Tanyun Logo

LocationHome » » News&FAQ » Chemical Study » WHAT DOES MUSK STAND FOR IN THE PERFUME WORLD?


It is best to ask perfumers this.

“The term 'musk' is an abstraction of complex fragrance impressions of natural musk tinctures that are especially noticeable in the dry-down, when the more volatile parts have evaporated. It refers to the warm, sensual, sweet-powdery tonality of the dry-down. ” (Scent and Chemistry: The Molecular World of Perfumes by Gunther Ohloff, Wilhelm Pickenhagen, Philip Kraft)

It is that nice, warm, sensual, sweet, slightly powdery scent that remains when the animal part of Tonquin musk is gone; a bit like the warm and still moist scent of a baby's head, such a delicate and soft "half-scent, half-feeling" experience. .

Today, not all young perfumers get the chance to smell real, natural musk, any more than perfume users do, so most people's concept of musk is based on biological chemistry and reference points of pre-existing perfumes; "Musky" stands for "soft, warm, neutral, slightly body-like."

15-pentadecanolide (2, Thibetolide®, Exaltolide®) is probably the traded musk with the fewest bee notes, so we use it as a reference for the scent of musk (Scent and Chemistry: The Molecular World of Perfumes by Gunther Ohloff, Wilhelm Pickenhagen , Philip Kraft.) Frederic Malle's Musc Ravageur is an example of a very good rendering of musk.

In a perfume composition, musk acts as the balancer and harmonizer that softens the rougher edges.
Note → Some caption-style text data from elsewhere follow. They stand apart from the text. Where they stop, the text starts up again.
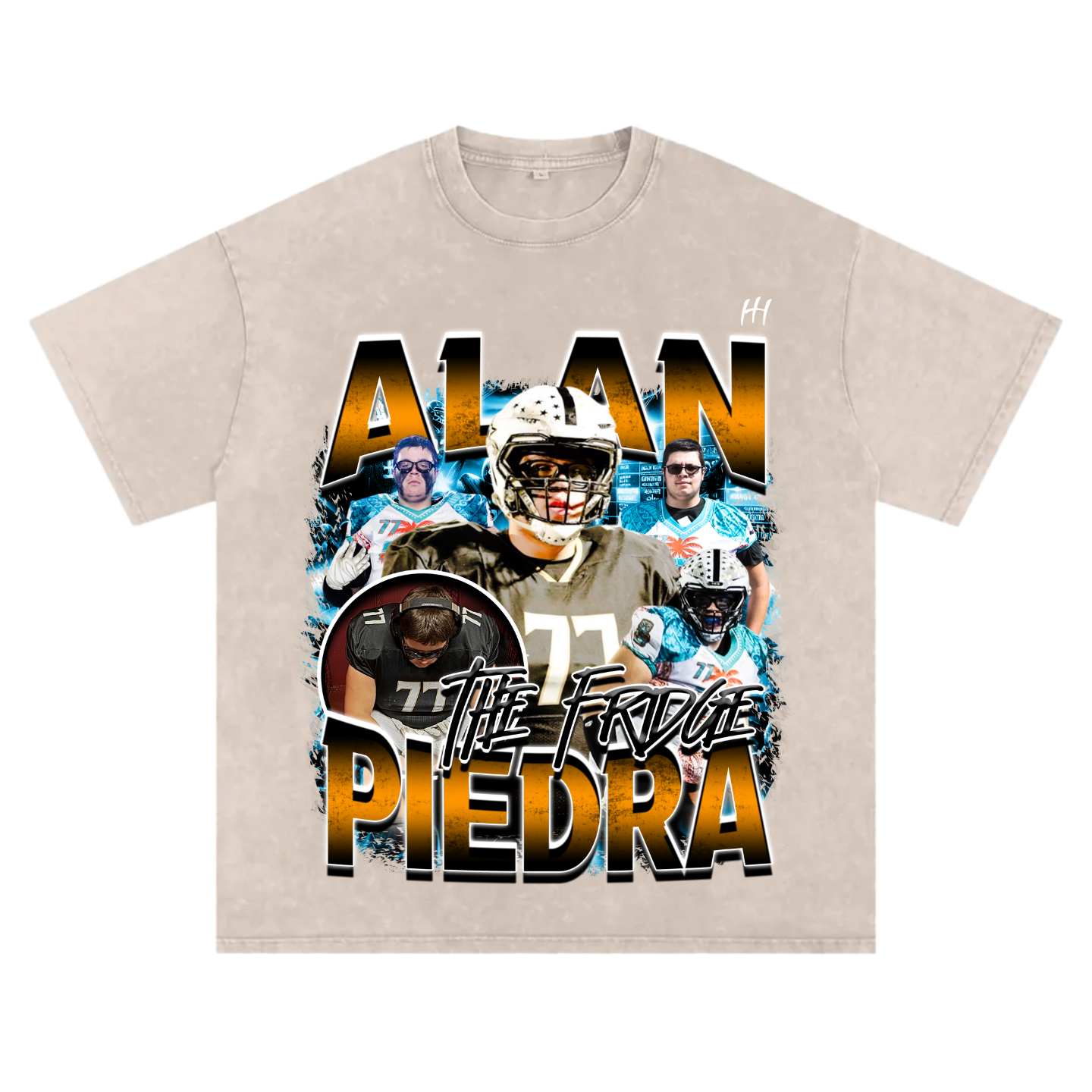 Alan Piedra Oversize T-shirt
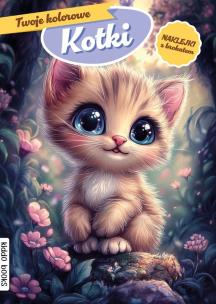Okładka książki Kotki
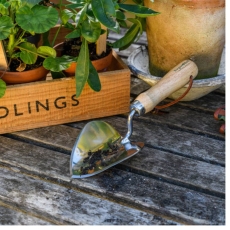 Rhs Stainless Planting Trowel Fsc 100%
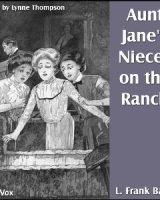 Aunt Jane's Nieces On The Ranch cover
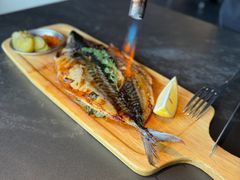 低温慢烤青花鱼-烛影拾光观景餐厅·创意菜·摄影·小提琴(大唐不夜城店)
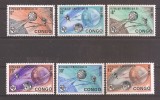 Congo RD 1965 - Cea de-a 100-a aniversare a ITU (deparajate), MNH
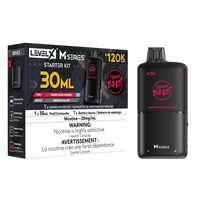 Level X FB M30 Series Starter Kit - Ragin' Razz Mango (Iced) (ON)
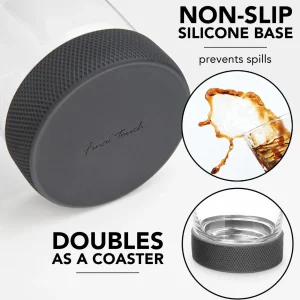 Breakaway Hockey Puck Tumblers - Set of 2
Musk makes a fragrance formula cleaner and gives the composition volume, vibrancy and warmth. We probably can't find any modern perfume without some musk. Marketing tests show that buyers prefer perfumes with a high content of synthetic musk (usually 10-20%, sometimes even more), so musk accords are a big part of a perfume.

Synthetic musk actually appeared in the sky by accident in the 19th century. It was a discovery by Albert Baur, who was researching a powerful and safe explosive substance, such as trinitrotoluene (TNT) in 1888, and obtained a substance strongly scented with musk. These kinds of successes are rare. "Musk Baur" in the form of a 10% resolution at a price of $ 500 per kg (half the price of the natural Tonquin musk) was a major competitor in the musk world. London securities dealers, however, assured the public the opposite, preaching that synthetic musk would not even be suitable for soap and so Parisian perfumers started working again with Tonquin musk, bought in Shanghai ...

The Nitromusk family was further expanded by Albert Baur with Musk Ambrette, Musk Ketone and Musk Xylene between 1894 and 1898, as well as by Givaudan, who came out with Musk Tibetene, Musk Alpha and Moskene. All of these together formed the first generation of synthetic musks, and the most important in the world of perfumery until the 1950s.

Musk Ketone, used in Chanel №5 among others, was the standard musk scent, as it came very close to the original Tonquin musk.

Nitromusks were banned because of their neuro and photo-toxicity, the high reactivity that led to color change in perfumes, and their poor biodegradability and accumulation in organisms. However, consumers loved the sweet powdery nitromusk scent, and some legendary scents were built on these synthetic fragrances, so scientists had to find a replacement for Nitromusks.